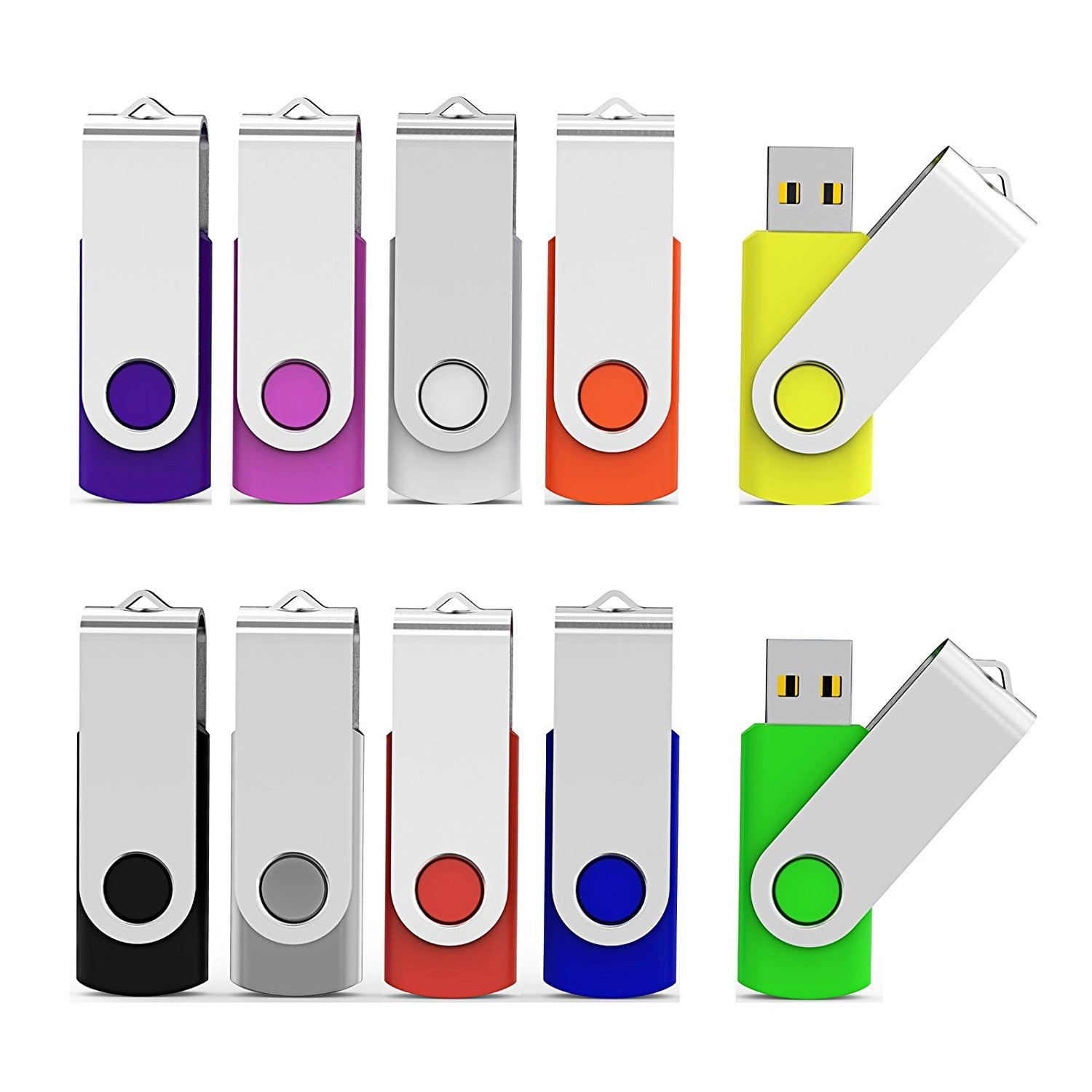 Unidad Flash Usb Aiibe De 32 Gb, Memoria Usb 2.0, Paquete De 10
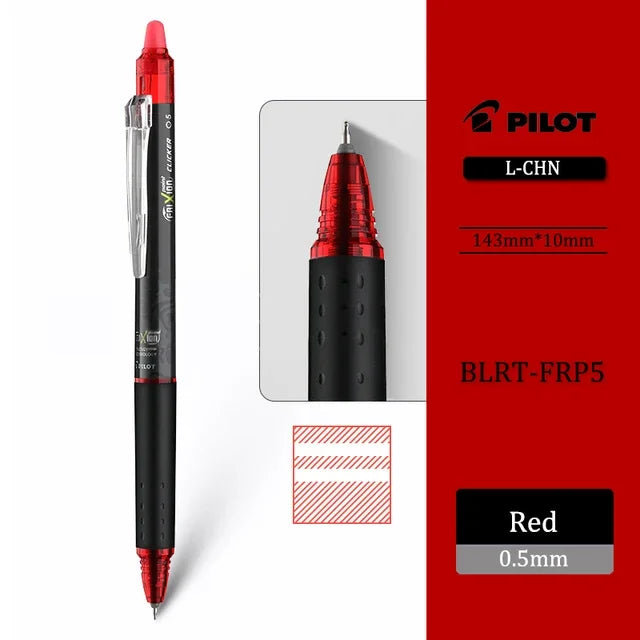 Japan Pilot Erasable Gel Pen BLRT-FRP5 New ST Tip Friction Erasable Colored Ink. 5mm School Cute Stationery Pens for Writing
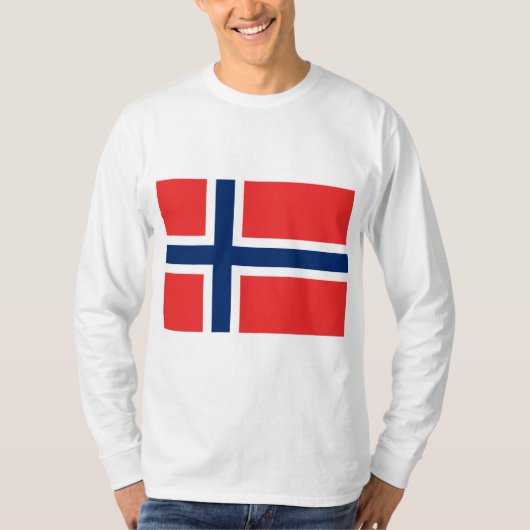 ノルウェー国旗（ノルウェー） Tシャツ (正面)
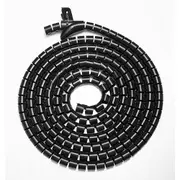 Brateck 30mm/1.2" Diameter Coiled Tube Cable Sleeve Material Polyethylene(PE) Dimensions 1000x30mm -Black HC-30-B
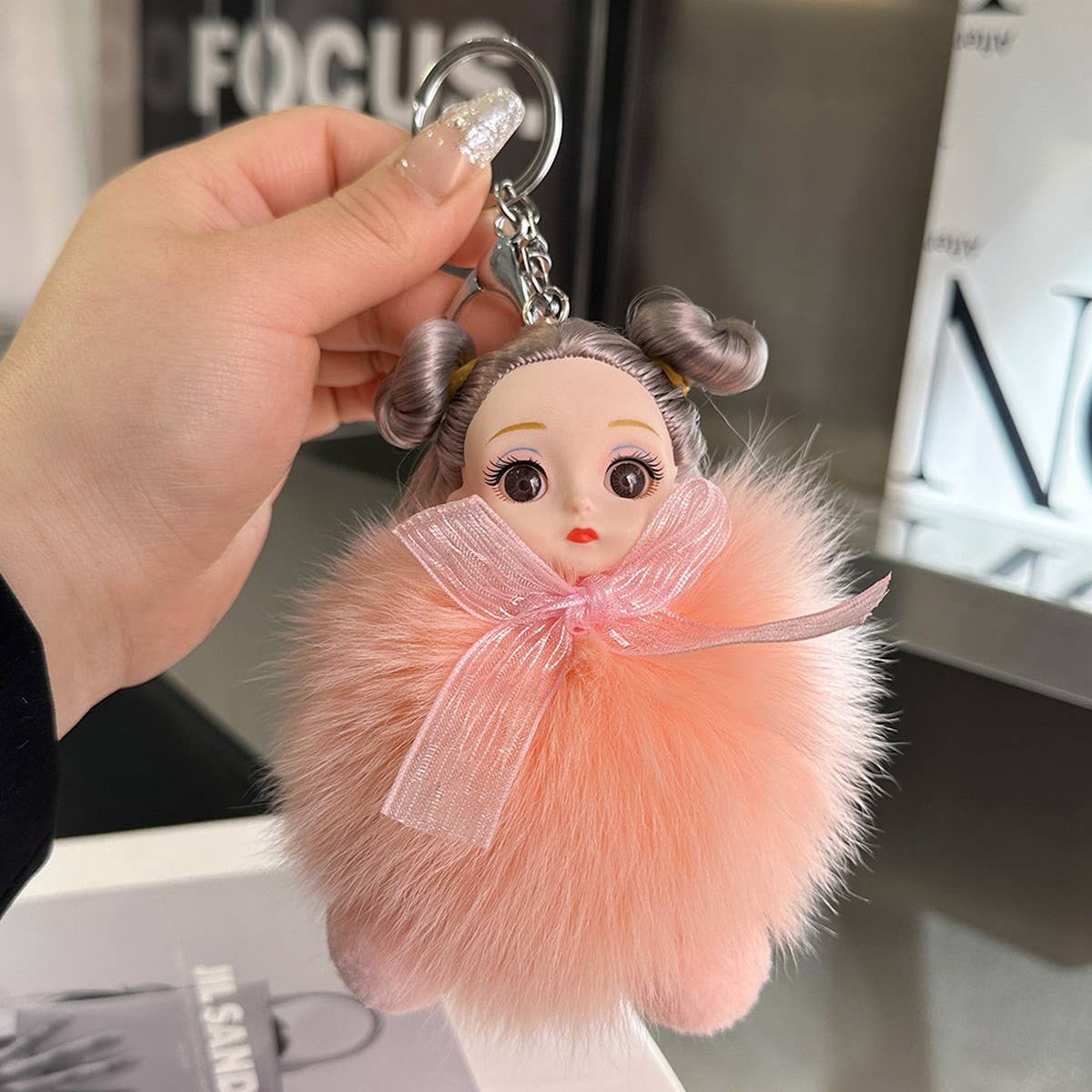CUTE PRINCESS DOLL CAR KEYCHAIN BAG PENDANT_CWMM2583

**Work task:** From the first line of the records through the line with "ノルウェー国旗（ノルウェー） Tシャツ (正面)", reproduce each line exactly and leave the pictures out.

**Solved exercise:**
 Unidad Flash Usb Aiibe De 32 Gb, Memoria Usb 2.0, Paquete De 10
 Japan Pilot Erasable Gel Pen BLRT-FRP5 New ST Tip Friction Erasable Colored Ink. 5mm School Cute Stationery Pens for Writing
 ノルウェー国旗（ノルウェー） Tシャツ (正面)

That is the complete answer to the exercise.